La lutte contre l’immigration clandestine passe aussi par des mesures accrues contre les réseaux et les trafiquants. Dans une semaine, va s’ouvrir en Sicile le procès de l’Erythréen, Medhanie Yehdego Mered. A 35 ans, il est accusé par la justice italienne d'être « le général » d'un réseau de passeurs ayant envoyé vers l'Europe jusqu'à 8.000 migrants par an, dans des conditions si sordides que beaucoup ne sont jamais arrivés. Mais son avocat, Me Michele Calatropo, affirme photos à l’appui que l'homme qui avait été arrêté en mai à Khartoum et extradé début juin en Italie, s'appelle en réalité Medhanie Tesfamariam Berhe. Il y a donc erreur sur la personne.

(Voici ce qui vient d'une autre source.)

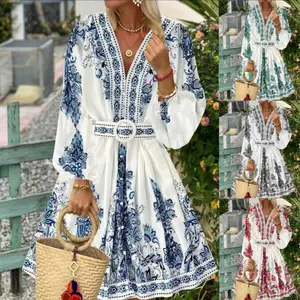 2025 Summer New Women’s Fashion V-Neck Long Sleeve Bohemian Printed Dress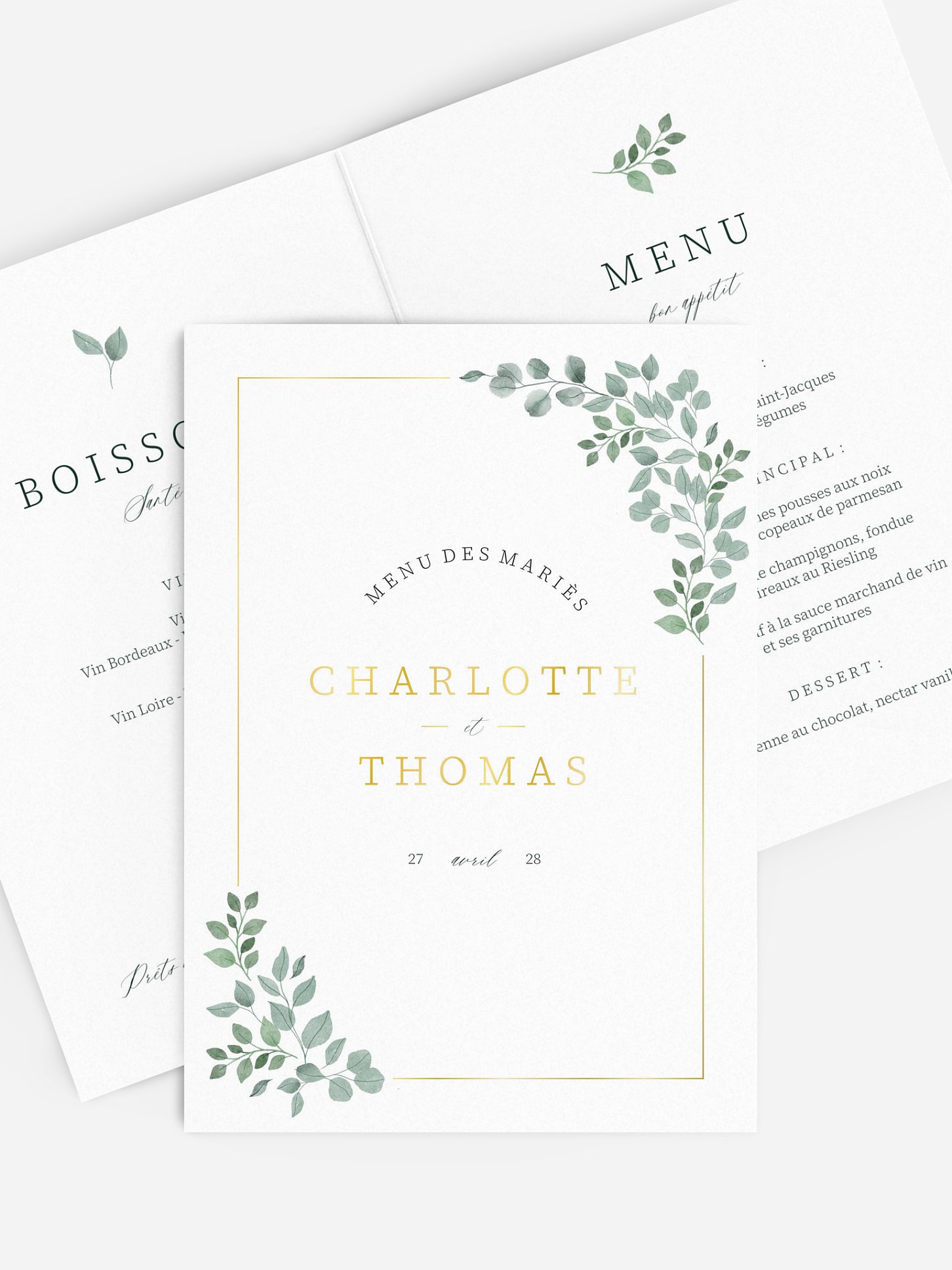 Menu mariage Greenery Garden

Il y a toujours des ficelles pour passer au travers des mailles du filet. Mais depuis le début de l’année, 3000 Africains ont péri noyés en Méditerranée. Rien que dans le canal de Sicile, 18 personnes sont mortes noyées depuis lundi : sept certifiés dans un canot en détresse qui a fait état de plus de 130 disparus, selon le témoignage des humanitaires de Médecins sans frontière (MSF). C’est une tragédie sans fin intolérable, déplore l’ONG.

Pour sa part, Paolo Gentiloni essaie d’appeler de nouveau l’Europe à son devoir de solidarité avec l’Italie, qui fait face seule au poids de cette pression migratoire intenable. « C’est un détonateur potentiel » pour l’Europe, avertit-il. « Nous donnons une très mauvaise image de l’Europe au monde ». Pour lui, l’Italie « corrige fort heureusement cette image auprès de l’opinion publique internationale ».

Mais le patron de la diplomatie italienne reste convaincu que le langage de la vérité est le seul bon, pas la démagogie ou le populisme ni le racisme. « Nous ne devons pas entretenir nos concitoyens dans l’illusion qu’il existe une manière d’arrêter le phénomène, si ce n’est en s’engageant au côté des pays africains ; transformer ce phénomène d’irrégulier à régulier », en le gérant avec les communautés.